I think if I were starting fresh, with no real sense of where I was heading with NaNo, I think I’d start with a character and a vague sense of setting. I’d let the character’s motivations determine the plot. After all, the plot is just a series of events that prevent the MC from getting what they want and the process by which that MC overcomes the obstacles and changes as a result. Anyhow, now I’m off to pound away on my non-NaNo project before I have to switch gears. Good luck to all the NaNo participants out there!

Advertisement

Thinking about the hook

I’m not spending much time on the beginning of my story just now, but I was thinking about this thing called ‘the hook’. It’s that bit of the story near the beginning, let’s say the first chapter, that draws the reader in and could make the difference between a sale and being dropped into the slush pile. When I hear other writers talk about it (or see them write about it), it puts me in mind of some epic event like those stupid extreme marriage proposals where a guy is arrested whilst jumping from a space-plane tied in chains or something. I’ve come to the conclusion, as a thoroughly amateur writer, that the typical advice falls ludicrously short of the mark. The typical advice being: “You need a good hook, it really needs to grab the reader.”

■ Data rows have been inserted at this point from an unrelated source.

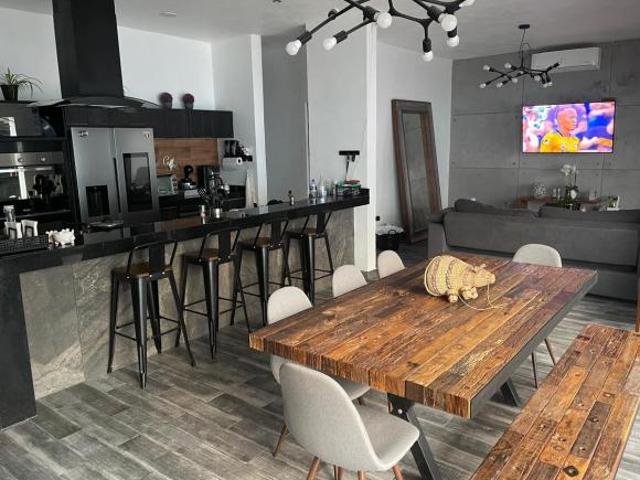 Casa En Condominio en venta en Morelos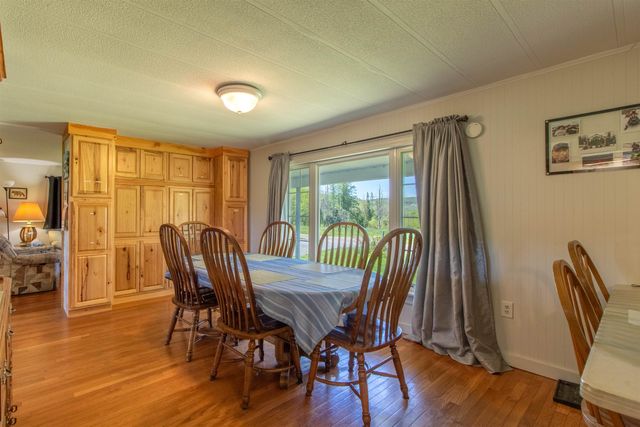 59 Cedar Wood Drive, Brighton, VT 05846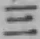 字三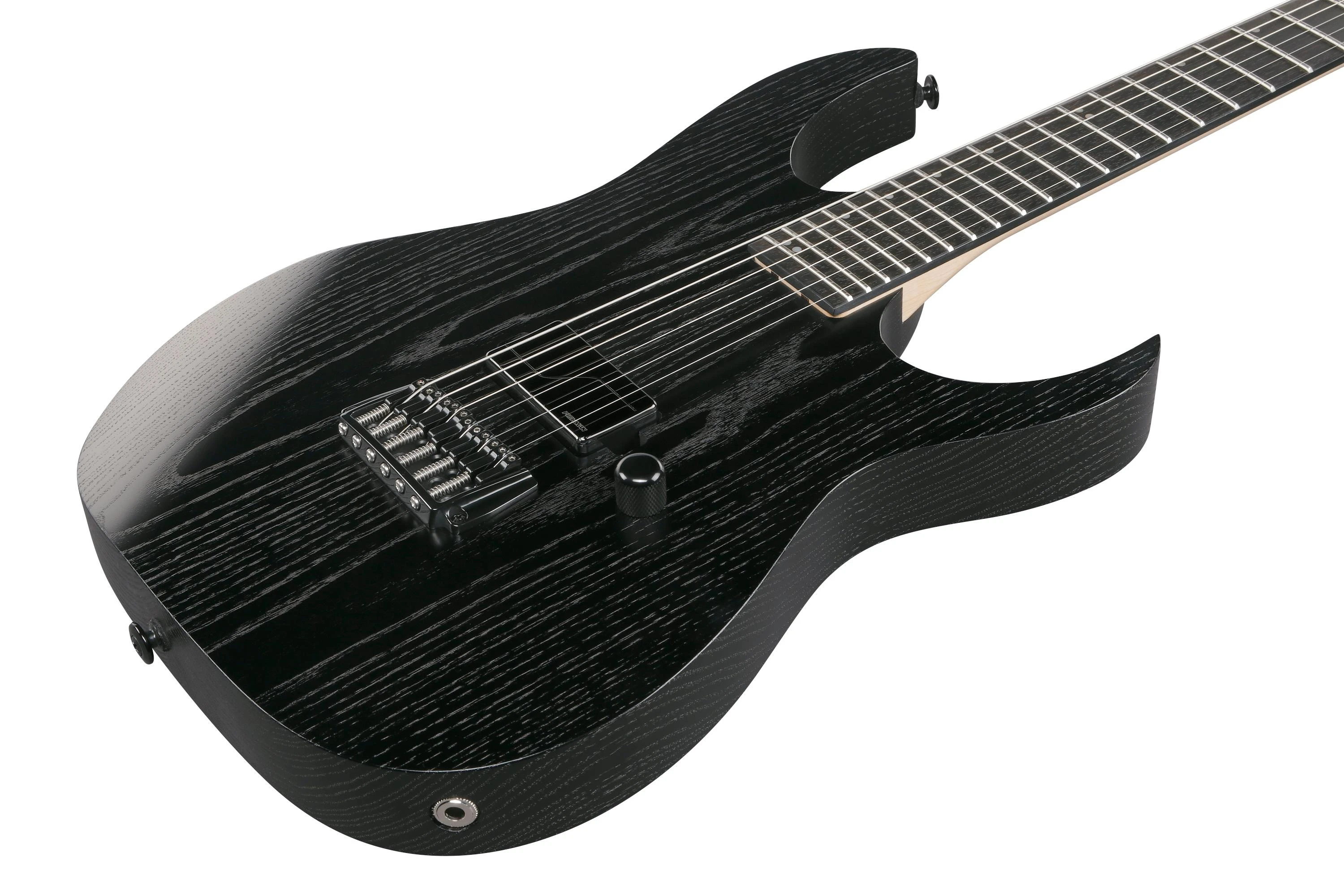 Ibanez RGR5111RB-WK Prestige Electric Guitar in Weathered Black - RGR5111RB_WK_00_01_H.jpg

Here’s what I think: The beginning of the story just needs to to have enough conflict to be interesting, that is, pose some problem for the character that makes the reader wonder what happens next. I don’t think it even matters what that conflict is, though it should probably be relevant to the story as a whole. What’s really important in the hook is having something that is instantly engaging. A lot of the most enjoyable books I’ve read start with something like a conversational tone. It’s light and feels vaguely like those times when you’re having a few drinks with friends and telling stories. The sort of thing where you might say: “Oh, man, there was this time we were out hiking, and Steve saw this squirrel, and you wouldn’t believe what it was dragging around…” There’s always a lead-up in those stories, often heading to a punchline, but I would argue it’s the same for a book, except that you’re aiming for a climax, not a punchline. The point here is that it’s more in the telling than the actual events, though those are important too.

 

Start at the beginning

Such great advice. Not that anyone actually follows it. I’m certain I didn’t anyhow. The current fantasy project I’m working on started out as a single hand-written page concept for a science fiction story, my notes put it sometime in 2004. Although I had a character and some very basic ideas about his circumstances, I didn’t have a beginning. So, I went looking for one. The circumstances for my character were somewhat fantastical and so the history became fantastical, which eventually led me to a setting in which you would expect a high fantasy to occur. This process also introduced other characters and conflicts, which eventually eclipsed the original concept as the more interesting story. Even then, I still didn’t have a beginning. In the vain hope of a beginning coming to me, I spent years creating maps and languages, people and history. After that, I still didn’t have a beginning, so I started writing-up the back-stories of characters I’d developed for this world. Finally, in desperation, I did a global search and replace of a name in one of these back-stories just to see what might happen, and suddenly I had my beginning. The next few chapters came easily over the course of a couple of weeks. I felt really good about them too. Then, I asked several people to read over the work. Needless to say, the beginning, and the bulk of the subsequent chapters, only vaguely resemble what I started with, but the core of my story remains, and I’m still making progress.